Hier noch die Datenbank informationen:

Create-Statements:




> CREATE TABLE MOVIE (movie_ID INT PRIMARY KEY,
> movie_name CHAR(30),
> movie_description CHAR(30),
> movie_rating INT,
> ...




Insert-Statements:



> INSERT INTO MOVIE VALUES (1, 'TEST', 'TEST', 2, 1988)
> INSERT INTO MOVIE VALUES (2, 'American Gangster', 'gangster movie', 5, 2008)
> INSERT INTO MOVIE VALUES (3, 'The departed', 'mafia movie', 1, 2011)
> INSERT INTO MOVIE VALUES (4, '2012', 'catastrophe movie', 5, 2012)
> ...


----------



## Vereth (13. November 2009)

1. Du verwendest für die Film-ID movies.length+1.
Wenn du einen Film zwischendrin löschst, z.B. Film 2 von 8, wird die Id 8 beim nächsten Eintrag ein zweites Mal vergeben. Um das zu umgehen könntest du z.B. AutoIncrements in der Datenbank verwenden oder per Zufallszahlengenerator eine ID ausürfeln; wenn du dann wieder diese Exception hast, kannst du im catch-Zweig einen neuen Versuch mit einer neuen ID starten.
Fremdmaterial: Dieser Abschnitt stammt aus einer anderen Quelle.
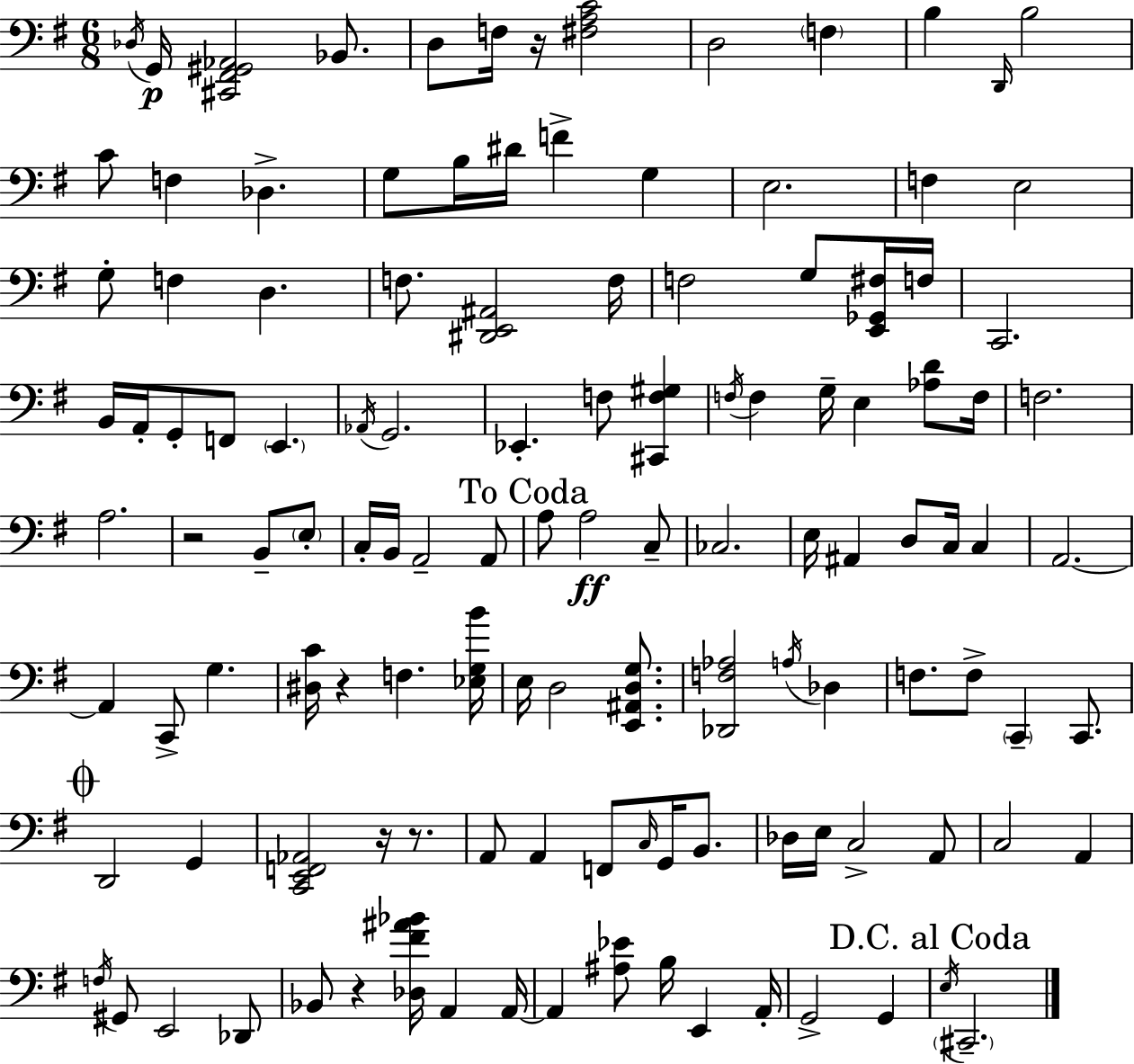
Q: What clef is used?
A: bass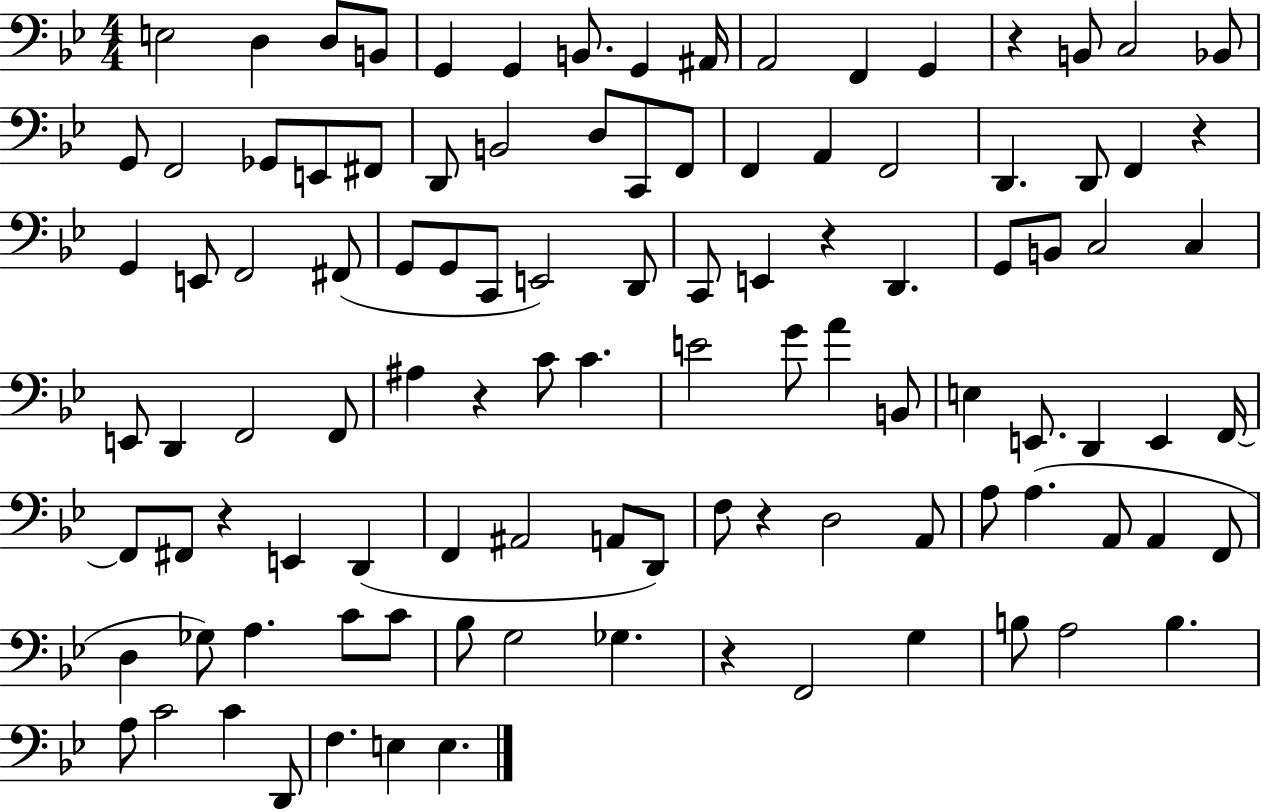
E3/h D3/q D3/e B2/e G2/q G2/q B2/e. G2/q A#2/s A2/h F2/q G2/q R/q B2/e C3/h Bb2/e G2/e F2/h Gb2/e E2/e F#2/e D2/e B2/h D3/e C2/e F2/e F2/q A2/q F2/h D2/q. D2/e F2/q R/q G2/q E2/e F2/h F#2/e G2/e G2/e C2/e E2/h D2/e C2/e E2/q R/q D2/q. G2/e B2/e C3/h C3/q E2/e D2/q F2/h F2/e A#3/q R/q C4/e C4/q. E4/h G4/e A4/q B2/e E3/q E2/e. D2/q E2/q F2/s F2/e F#2/e R/q E2/q D2/q F2/q A#2/h A2/e D2/e F3/e R/q D3/h A2/e A3/e A3/q. A2/e A2/q F2/e D3/q Gb3/e A3/q. C4/e C4/e Bb3/e G3/h Gb3/q. R/q F2/h G3/q B3/e A3/h B3/q. A3/e C4/h C4/q D2/e F3/q. E3/q E3/q.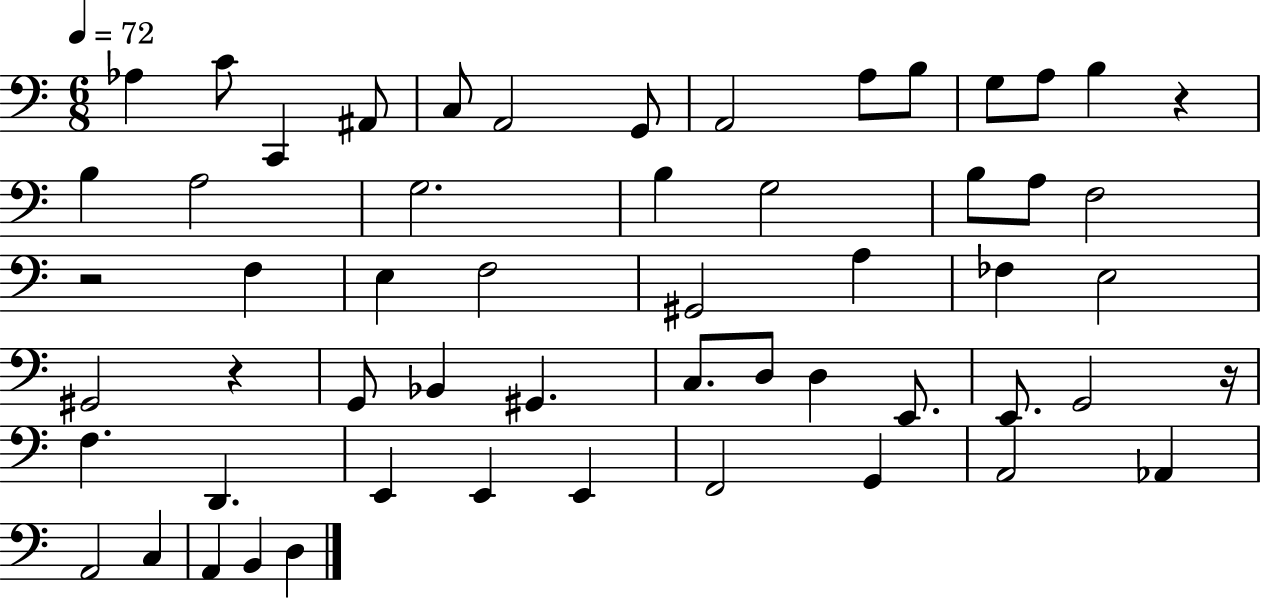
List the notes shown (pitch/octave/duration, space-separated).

Ab3/q C4/e C2/q A#2/e C3/e A2/h G2/e A2/h A3/e B3/e G3/e A3/e B3/q R/q B3/q A3/h G3/h. B3/q G3/h B3/e A3/e F3/h R/h F3/q E3/q F3/h G#2/h A3/q FES3/q E3/h G#2/h R/q G2/e Bb2/q G#2/q. C3/e. D3/e D3/q E2/e. E2/e. G2/h R/s F3/q. D2/q. E2/q E2/q E2/q F2/h G2/q A2/h Ab2/q A2/h C3/q A2/q B2/q D3/q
2. Dein Programm ruft startScreen() auf
, startScreen() ruft menuAuswahl() auf
, menuAuswahl() ruft insertMovie() auf
, insertMovie() ruft startScreen() auf => unendliche Schachtelungstiefe.
insertActor() macht den Fehler nicht.

Mache aus startScreen() eine reine Anzeigefunktion, die du in einer Eingabeschleife aufrufst z.B.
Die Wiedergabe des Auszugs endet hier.